**What you need to do**
Copy exactly the lines of the records below, and only those lines, beginning with the line that contains "awtools 400W Q1CP" and ending with the line that contains "Фильтр топливный COMLINE CMB13017".

**Stored data**
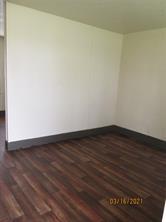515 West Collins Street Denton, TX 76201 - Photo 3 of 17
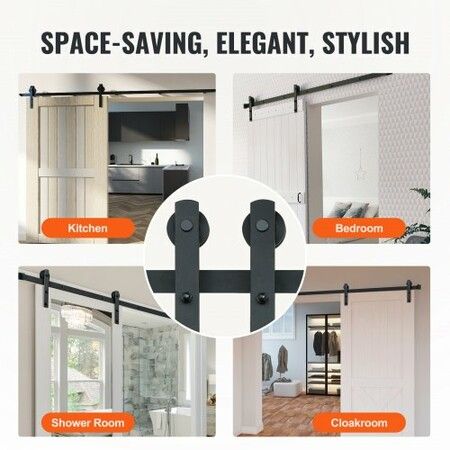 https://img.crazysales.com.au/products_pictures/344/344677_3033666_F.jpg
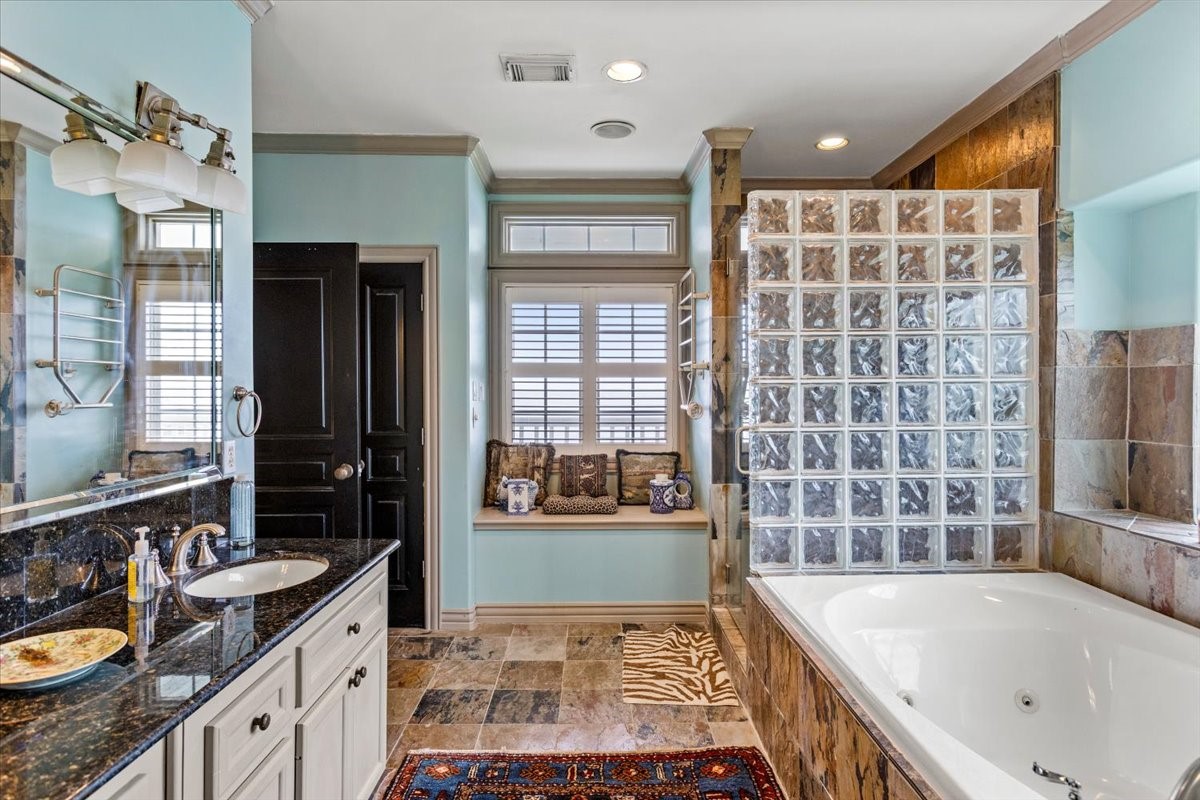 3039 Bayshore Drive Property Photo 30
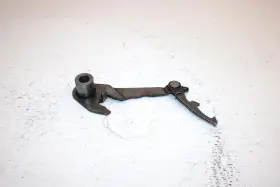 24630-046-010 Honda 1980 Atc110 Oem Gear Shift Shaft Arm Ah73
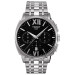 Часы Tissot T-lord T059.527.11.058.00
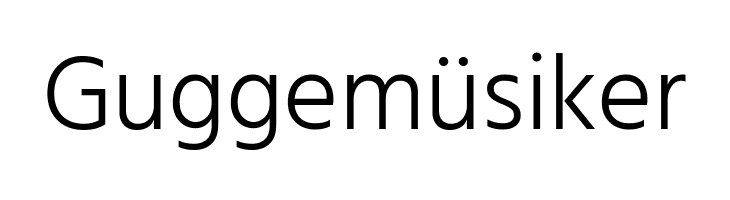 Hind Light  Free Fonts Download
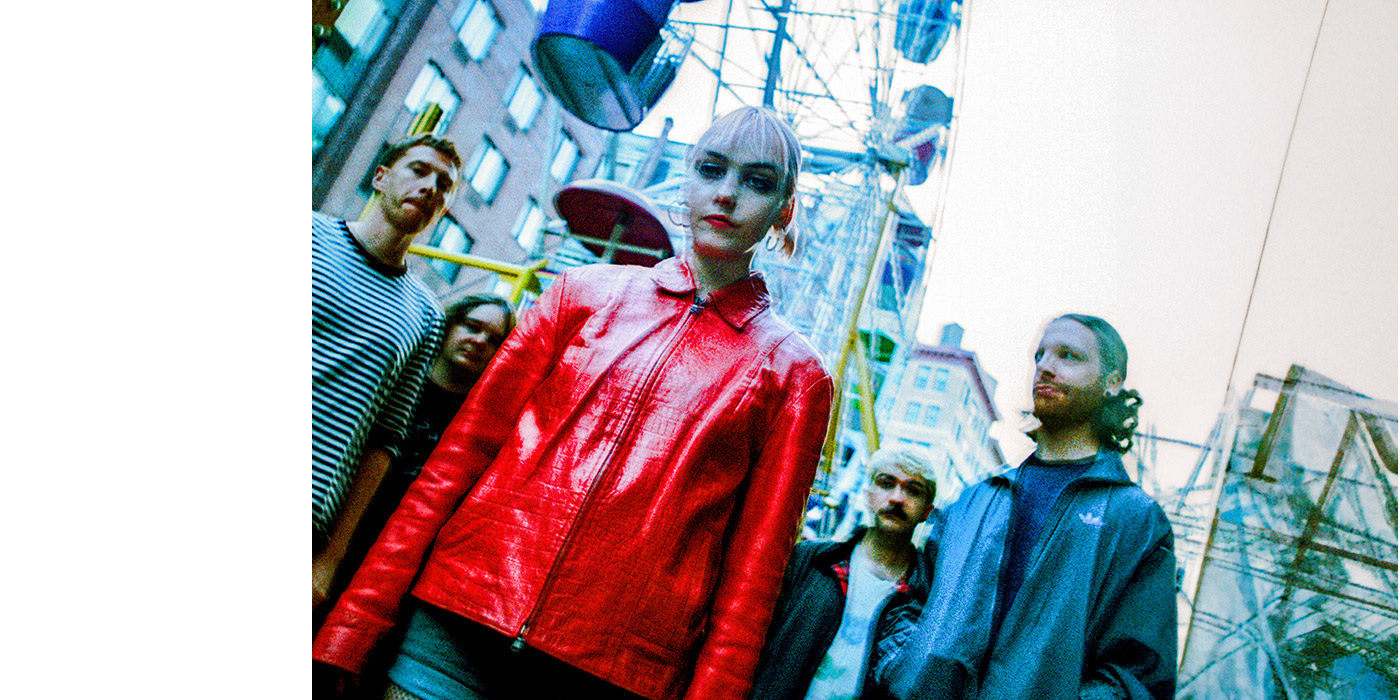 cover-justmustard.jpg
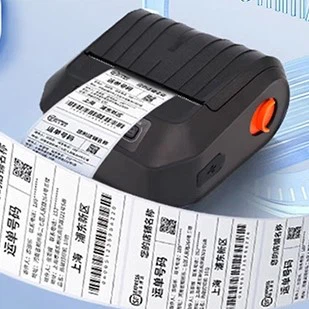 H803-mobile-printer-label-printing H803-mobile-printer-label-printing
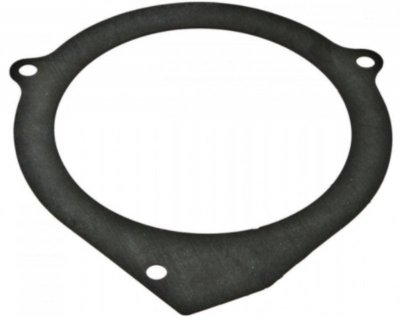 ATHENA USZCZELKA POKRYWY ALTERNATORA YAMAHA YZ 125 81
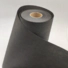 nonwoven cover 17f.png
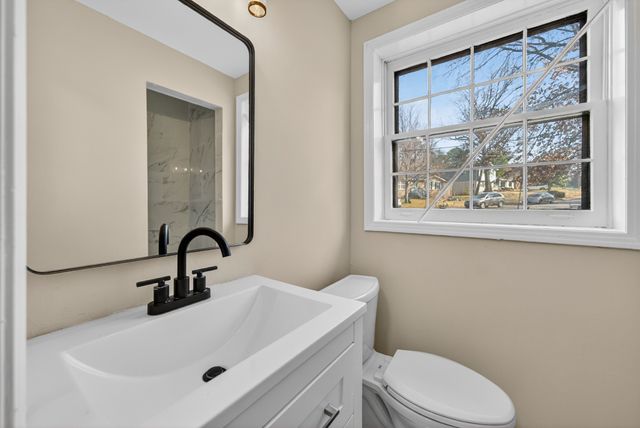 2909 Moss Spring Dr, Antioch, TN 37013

---

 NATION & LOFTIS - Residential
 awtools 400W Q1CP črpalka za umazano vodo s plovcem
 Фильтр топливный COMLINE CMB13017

**Response below**
 awtools 400W Q1CP črpalka za umazano vodo s plovcem
 Фильтр топливный COMLINE CMB13017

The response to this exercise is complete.